> Chronique de la vie économique wallonne : le regard de Didier Paquot
v Perspectives préoccupantes pour l’économie mondiale
2021-40 - Namur, le 6 décembre 2021. > [pdf]
Au moment où la campagne de vaccination battait son plein, on pouvait caresser l’espoir que la pandémie n’aurait qu’un effet, certes brutal, mais éphémère sur l’économie mondiale, ou du moins sur celles des pays industrialisés avancés. Il était entendu que de 4 à 10% (selon les pays) de la production seraient perdus en 2020 en raison des confinements. Cependant, dès que chacun retrouverait sa liberté de produire et de consommer, la production des biens et services reviendrait à son niveau de 2019 (élevé) en un an ou un peu plus et sans trop de dommages. La pandémie COVID maîtrisée, la vie économique reprendrait alors son cours normal.

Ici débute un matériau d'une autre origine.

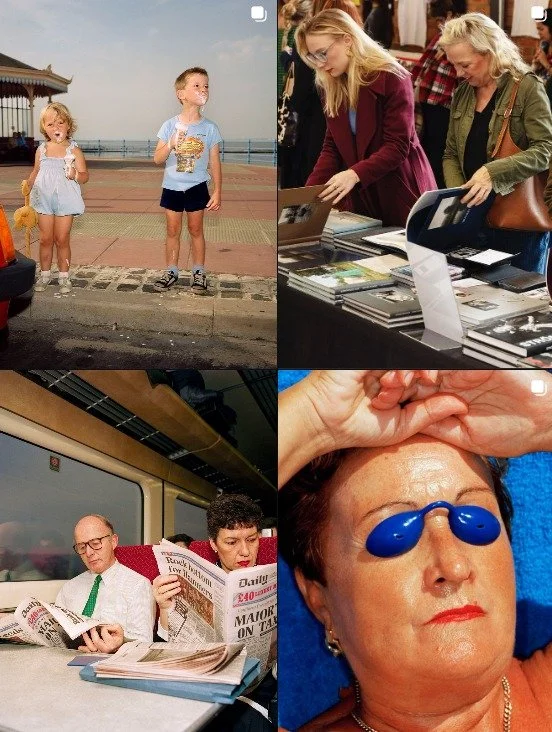 As our team constantly used @martinparrstudio pictures on our feed and for everyday inspiration, here is a dedicated post for this genius photographer who passed away on the 6th of December this year.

C’était, peu ou prou, le discours de l’OCDE (1) depuis le début de 2021, même si les difficultés d’approvisionnement et une poussée de l’inflation laissaient penser que tout ne serait pas aussi harmonieux. Les dernières "perspectives économiques" (2) de l’organisation, publiées ce 1er décembre, marquent un changement de ton assez prononcé. Comme le résume Laurence Boone, la cheffe économiste de l’OCDE, dans son éditorial (3) : "L’économie mondiale continue de se redresser. Mais cette reprise est pleine de déséquilibres : entre les pays, entre les entreprises et entre les populations, confrontés à des réalités économiques très différentes. Les récentes améliorations masquent également des changements structurels, où certains secteurs, métiers, technologies, et comportements ne seront plus jamais les mêmes qu’avant la pandémie."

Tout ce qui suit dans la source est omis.